In rendering our opinions, we have made the following assumptions:

 

(a) there has been no change in the Company’s status as a real estate investment trust under Section 856 of the Code since December 31, 2012;

 

(b) each of the Company and its subsidiaries has been and will continue to be organized, capitalized and operated in the manner described to us, and as summarized in the Officer’s Certificate;

 

(c) there are and will be no changes in the applicable laws of the State of Maryland regarding authorization for charter restrictions on ownership of the Company’s shares and permitting enforcement of provisions intended to cure or prevent violation of such limitations;

 

(d) the Prospectus and other documents incorporated by reference into the Registration Statement accurately describes the factual information provided regarding the Company and its Common Stock and the Prospectus Supplement accurately describes the Plan and its operation; and

 

 
 

 

Redwood Trust, Inc.

May 17, 2013

Page 3

 

(e) we have assumed the legal capacity of all natural persons, the genuineness of all signatures, the authenticity of all documents submitted to us as originals, the conformity to original documents of all documents submitted to us as certified, conformed or other copies, and the authenticity of the originals of such copies.

 

With respect to these assumptions, it should be noted that (x) the representations set forth in the Officer’s Certificate are highly factual in nature and reflect an intention with respect to the future conduct of the business of the Company and its subsidiaries that may not be achievable if there are future changes in the circumstances of either and (y) statutes, regulations, judicial decisions, and administrative interpretations are subject to change at any time and, in some circumstances, with retroactive effect. Any material change after the date hereof of any of the foregoing bases for our opinions could adversely affect our conclusions.

 

Opinions

 

Subject to the qualifications, assumptions and limitations set forth herein, we are of the opinion that, although the discussions set forth under the heading “36. What about Taxes?” and the heading “Material U.S. Federal Income Tax Considerations” in the Prospectus Supplement do not purport to discuss all possible U.S. federal income tax consequences of an investor’s participation in the Plan, such discussions taken together with that in the Prospectus under the same heading, constitute an accurate summary of the U.S. federal income tax considerations that are likely to be material to an investor in the Company’s common stock acquired under the Plan as of the date hereof.

 

Limitations

 

Other than as specifically stated above, we express no opinion on any issue relating to the Company or its subsidiaries, or any investment in any other series or class of securities issued by them, or under any law other than U.S. federal income tax laws.

 

We impose no limit on your disclosure of this opinion or the tax treatment of the Company or its Common Stock.
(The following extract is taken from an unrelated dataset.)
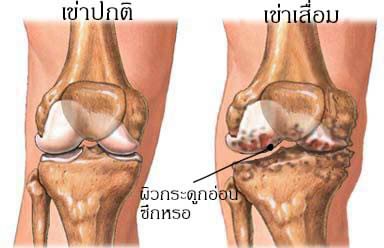 เสียงเตือน...จากอาการปวดเข่า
However, we are furnishing this opinion to you solely in connection with the filing of the Prospectus Supplement and it cannot be relied upon by any person or for any other purpose without our express written permission.

 

 
 

 

Redwood Trust, Inc.

May 17, 2013

Page 4

 

We hereby consent to the filing of this opinion as an exhibit to the Registration Statement. In giving such consent, we do not hereby admit that we are in the category of persons whose consent is required under Section 7 of the Securities Act, as amended, or under the rules and regulations of the SEC promulgated thereunder.